The company has conducted successful animal studies for the dressing with both military and commercial partners and also is supported by published data from the American Red Cross, showing that the dressing is "functionally superior in significantly reducing blood loss," according to STB information.
"The FDA provided us with some very helpful and substantive comments," CEO Richard Moscarello said in a statement. "We have incorporated them and now are finalizing our development plan and partner relationships, so we can go forward with our ... filing as soon as possible."
Cytomedix of Gaithersburg reported securing about $13 million in current and future funding commitments from investors, led by agreements with Lincoln Park Capital Fund of Chicago.
"We are pleased by the commitment from Lincoln Park, a fundamentally oriented investor," CEO Martin P. Rosendale said in a statement. "We are under no obligation to utilize the facility, but plan to use any proceeds to support and accelerate the development of our regenerative therapies and to expand our marketing efforts."
Cytomedix develops regenerative therapies for wound care, inflammation and angiogenesis, the growth of new blood vessels.

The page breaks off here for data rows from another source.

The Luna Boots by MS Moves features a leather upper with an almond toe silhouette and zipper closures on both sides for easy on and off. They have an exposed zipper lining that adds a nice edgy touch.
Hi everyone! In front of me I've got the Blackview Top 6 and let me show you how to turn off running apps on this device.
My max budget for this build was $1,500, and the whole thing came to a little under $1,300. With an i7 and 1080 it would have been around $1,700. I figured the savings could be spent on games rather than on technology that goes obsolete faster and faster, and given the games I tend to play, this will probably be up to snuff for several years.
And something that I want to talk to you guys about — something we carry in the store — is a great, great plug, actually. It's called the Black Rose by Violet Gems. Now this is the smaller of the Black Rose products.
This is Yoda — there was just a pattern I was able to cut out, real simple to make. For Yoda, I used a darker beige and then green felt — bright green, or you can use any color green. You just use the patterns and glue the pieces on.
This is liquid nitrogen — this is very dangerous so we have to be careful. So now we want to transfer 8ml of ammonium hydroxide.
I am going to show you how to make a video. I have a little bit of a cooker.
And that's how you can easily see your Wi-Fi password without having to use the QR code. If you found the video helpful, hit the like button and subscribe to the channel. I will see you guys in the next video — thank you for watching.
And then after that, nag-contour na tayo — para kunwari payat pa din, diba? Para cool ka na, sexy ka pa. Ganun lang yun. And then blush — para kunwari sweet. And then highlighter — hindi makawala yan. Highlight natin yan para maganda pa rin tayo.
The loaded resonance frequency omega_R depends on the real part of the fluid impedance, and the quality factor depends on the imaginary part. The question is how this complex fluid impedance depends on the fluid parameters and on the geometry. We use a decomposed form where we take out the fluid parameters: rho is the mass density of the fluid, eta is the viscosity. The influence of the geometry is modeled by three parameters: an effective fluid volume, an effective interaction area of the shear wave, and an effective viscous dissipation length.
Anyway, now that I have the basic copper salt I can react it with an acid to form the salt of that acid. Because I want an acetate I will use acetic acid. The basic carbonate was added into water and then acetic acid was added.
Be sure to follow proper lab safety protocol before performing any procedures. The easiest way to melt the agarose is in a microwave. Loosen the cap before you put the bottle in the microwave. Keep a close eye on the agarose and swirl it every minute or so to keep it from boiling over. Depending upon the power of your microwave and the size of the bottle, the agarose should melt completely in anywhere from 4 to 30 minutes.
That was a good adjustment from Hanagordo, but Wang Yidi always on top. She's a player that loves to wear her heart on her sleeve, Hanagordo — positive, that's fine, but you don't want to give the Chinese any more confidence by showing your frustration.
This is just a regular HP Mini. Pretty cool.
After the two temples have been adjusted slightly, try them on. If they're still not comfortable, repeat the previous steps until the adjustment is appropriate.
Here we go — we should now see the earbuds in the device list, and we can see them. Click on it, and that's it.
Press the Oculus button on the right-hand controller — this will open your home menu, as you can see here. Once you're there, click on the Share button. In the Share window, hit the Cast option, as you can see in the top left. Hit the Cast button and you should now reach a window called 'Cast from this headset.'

Rexahn Pharmaceuticals of Rockville has published new preclinical data on the development of 3-aryl-1-isoquinolinamines in the European Journal & Medicinal Chemistry, showing they have "excellent cytotoxicity against eight different human cancer cells": breast, prostate, colon, ovary, kidney, pancreas, glioblastoma and melanoma.
"In this second published study, we further establish that isoquinolinamine derivatives, such as our anti-cancer compound RX-8243 a new chemical entity are potent anti-cancer compounds that have the potential to be developed into chemotherapeutic agents," said Rick Soni, president of Rexahn, in a statement.
BioServe of Beltsville has enlisted the Maine Medical Center of Portland to provide its tissue bank for the BioServe's biorepository.
The Maryland Stem Cell Research Commission is seeking requests for applications for funding through the Maryland Stem Cell Research Fund, which has an operational budget of $10.4 million for fiscal 2011.
The grants will fund basic and translational research with human stem cells of all types.
Projects leading to advances in regenerative medicine will receive highest priority, the commission said in a statement. A one-page letter of intent must be submitted by Nov.15, with applications due Jan. 13. Funding decisions are to be announced in April.